A weakness in the DNS component of a popular C standard library, which is used in a wide range of IoT products, might expose millions of devices to DNS poisoning attacks.
Instead of the authentic destination, a threat actor can use DNS poisoning or DNS spoofing to send the victim to a malicious website hosted at an IP address on a server controlled by the attacker.
The OpenWRT team’s fork of the uClibc library, uClibc-ng. Major vendors such as Netgear, Axis, and Linksys, as well as Linux releases for embedded applications, use both kinds.
According to Nozomi Networks experts, a remedy from the uClibc developer is presently unavailable, putting the products of up to 200 suppliers at danger.
The uClibc library is a C standard library for embedded systems that provides numerous resources required by devices’ functionalities and configurable modes.
That library’s DNS implementation provides a framework for conducting DNS-related queries such as lookups, translating domain names to IP addresses, and so on.
Nozomi examined the uClibc library’s trace of DNS requests made by a connected device and discovered several oddities produced by an internal lookup function.
The analysts observed that the transaction ID for the DNS lookup request was predictable after further investigation. As a result, DNS poisoning could be conceivable in some scenarios.
A specifically crafted DNS response sent to devices utilizing uClibc could launch a DNS poisoning attack if the operating system does not use source port randomization, or if it does but the attacker is still capable of brute-forcing the 16-bit source port value.
DNS poisoning works by fooling the target device into referring to an arbitrary endpoint and communicating with it via the network.
By doing so, the attacker will be able to redirect traffic to a server that they control directly.
“The attacker might then steal or manipulate information sent by users, as well as launch further attacks against those devices, compromising them altogether. The key concern is how DNS poisoning might compel an authenticated answer ” – Nozomi Networks, Inc.
In September 2021, Nozomi uncovered the issue and contacted CISA. The vulnerability was then reported to the CERT Coordination Center in December, and then publicized to over 200 potentially vulnerable vendors in January 2022.
As previously stated, there is still no patch for the flaw, which is now being tracked as ICS-VU-638779 and VU#473698 (no CVE yet).
All stakeholders are currently working together to produce a feasible patch, and the community is anticipated to play a key role in this, as this was the original intent of the disclosure.
It will take some time for the changes to reach end users because impacted vendors will have to install the patch by applying the updated uClibc version on firmware updates.

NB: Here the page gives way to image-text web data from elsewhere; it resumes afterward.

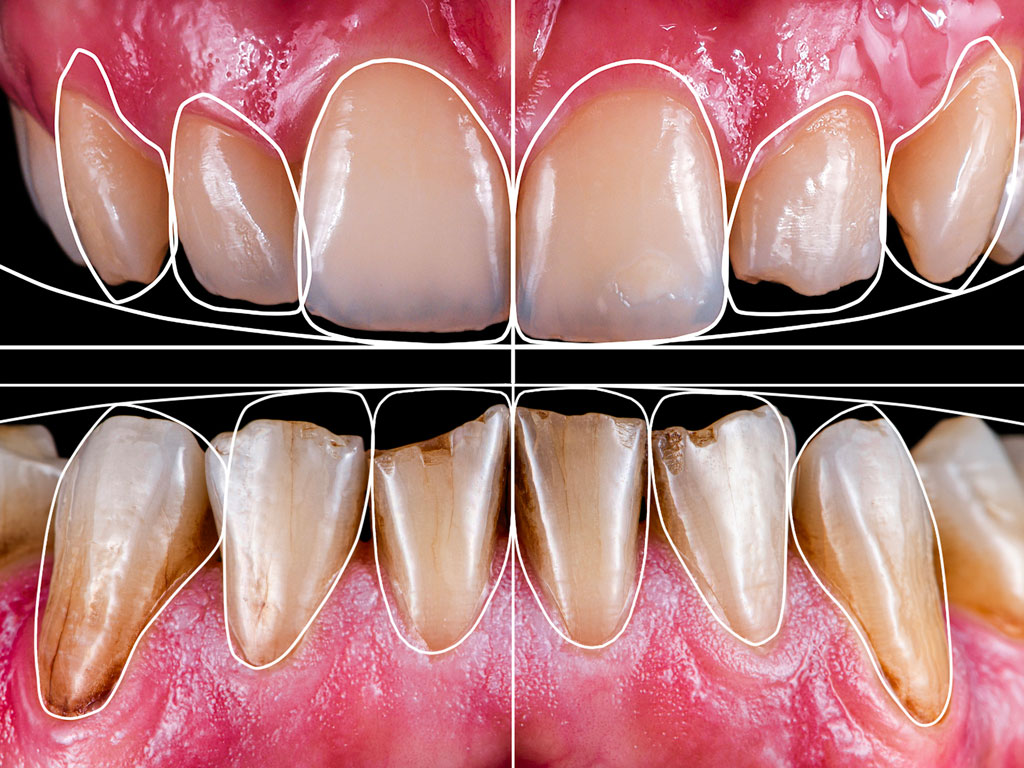 Faccette dentali progettate digitalmente secondo protocolli di odontoiatria estetica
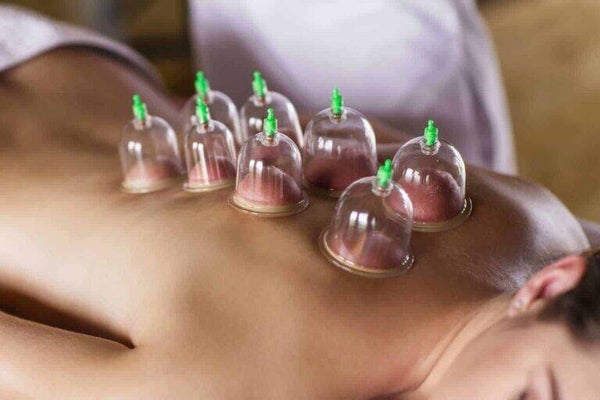 Cupping therapie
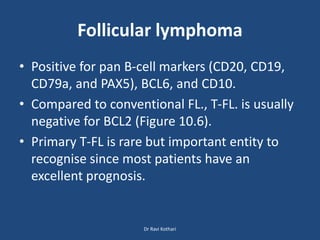 Follicular lymphoma
• Positive for pan B-cell markers (CD20, CD19,
CD79a, and PAX5), BCL6, and CD10.
• Compared to conventional FL., T-FL. is usually
negative for BCL2 (Figure 10.6).
• Primary T-FL is rare but important entity to
recognise since most patients have an
excellent prognosis.
Dr Ravi Kothari
 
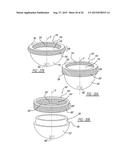 Implant Fixation Device diagram and image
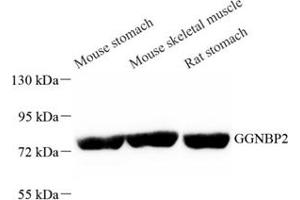 Western blot analysis of GGNBP2 (ABIN7074017) at dilution of 1: 1000 (GGNBP2 anticorps)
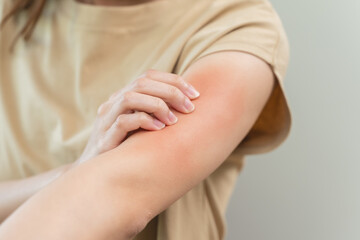 young woman scratching on her arm and has a red rash irritation on her skin from dust intolerance.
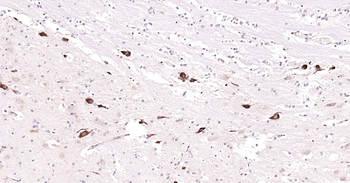 ChAT Recombinant Rabbit Monoclonal Antibody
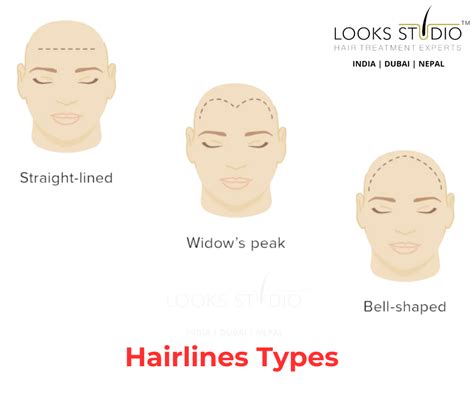 Discover the Different Hairlines Types and How to Achieve Your Desired Look - Hair Transplant ...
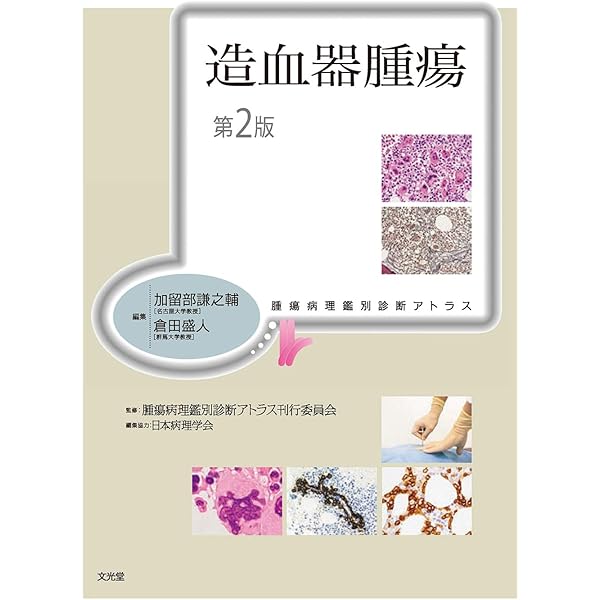 【裁断済】WHO分類第5版に基づくリンパ腫の診断 WHO分類第5版に基づくリンパ腫の診断 | 中村 直哉, 富田 直人, 小池 淳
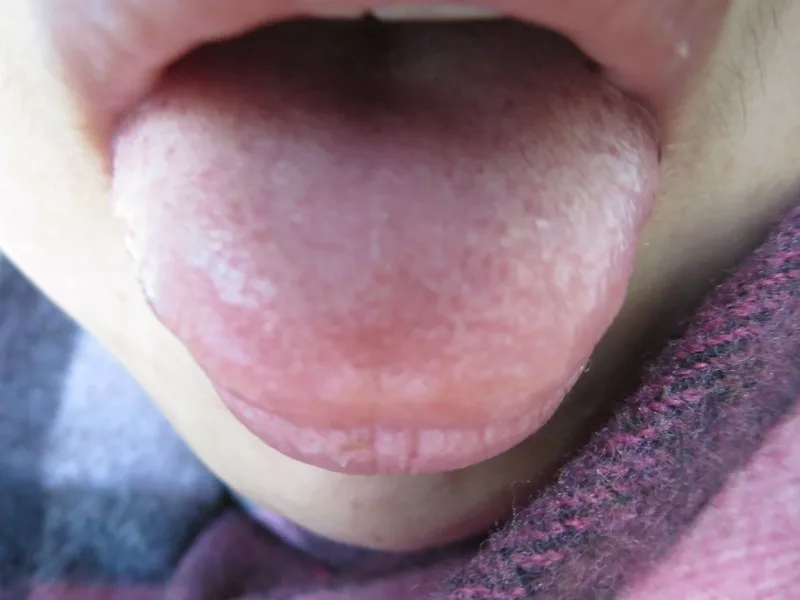 贫血3.webp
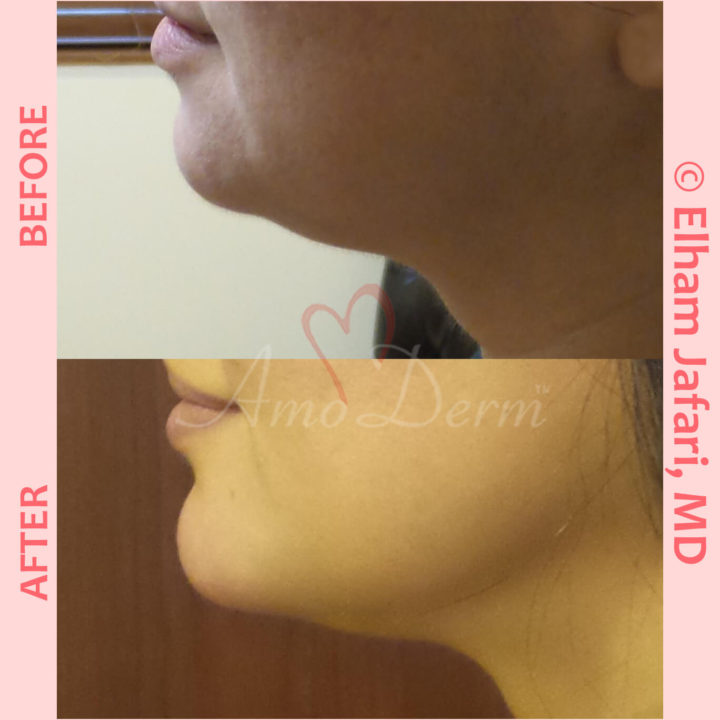 Non surgical reduction of double chin with Kybella &amp; Chin augmentation with filler injection (Voluma, Bellafill, Radiesse)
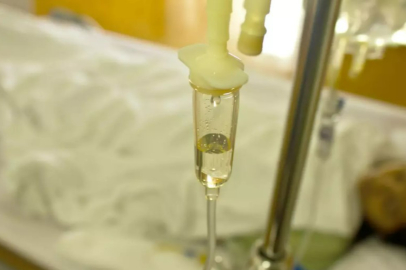 HÜRHABER Özel! Sarı Serum Tehlikesi: Evde Uygulamalar Sağlığı Riske Atıyor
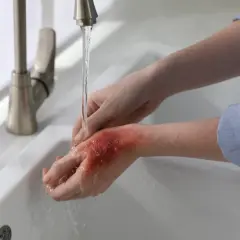 Ręka z oparzeniem jest płukana pod bieżącą wodą. Po takim urazie warto zastosować maść, np. **Argosulfan**, by przyspieszyć gojenie.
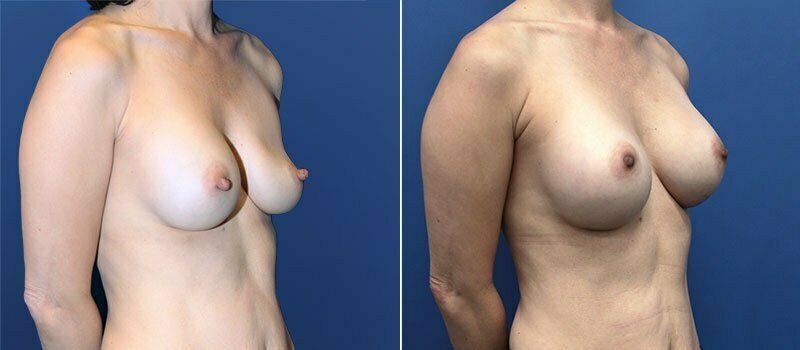 Nipple Reduction Before & After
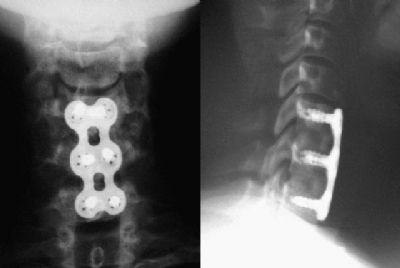 Spine, Cervical:  Synthes CSLP (Implant 41)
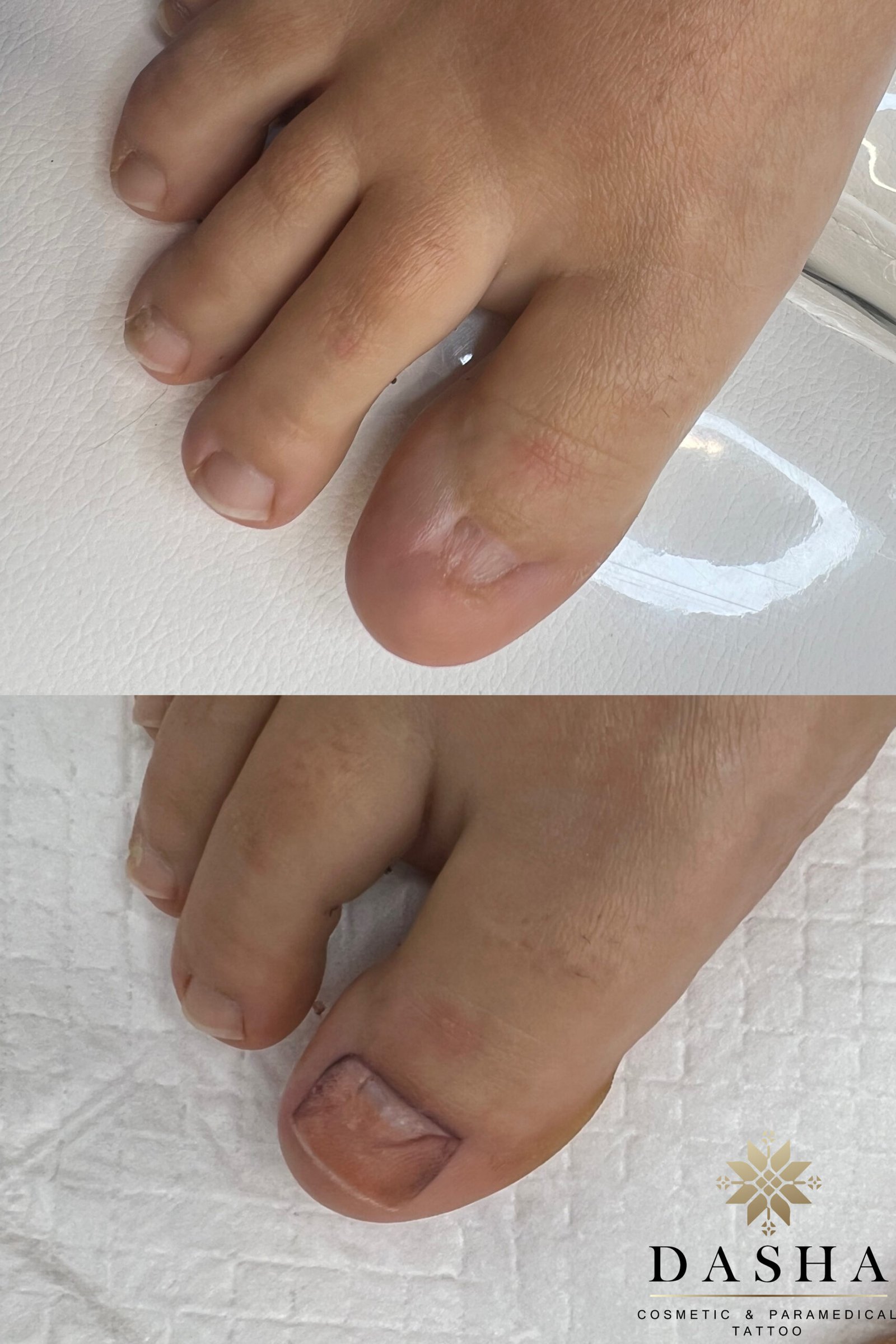 Nail Bed Reconstruction Tattoo.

Even then, end-users will have to update their devices’ firmware, which is another bottleneck that delays the solution of significant security problems.
“We cannot divulge the precise devices we tested on because this vulnerability remains unpatched for the community’s safety,” explains Nozomi.
“However, we can reveal that they were a variety of well-known IoT devices running the most recent firmware versions, with a high likelihood of their being installed across all critical infrastructure.”
Users of IoT and router devices should keep a watch on new firmware releases from suppliers and upgrade their equipment as soon as possible.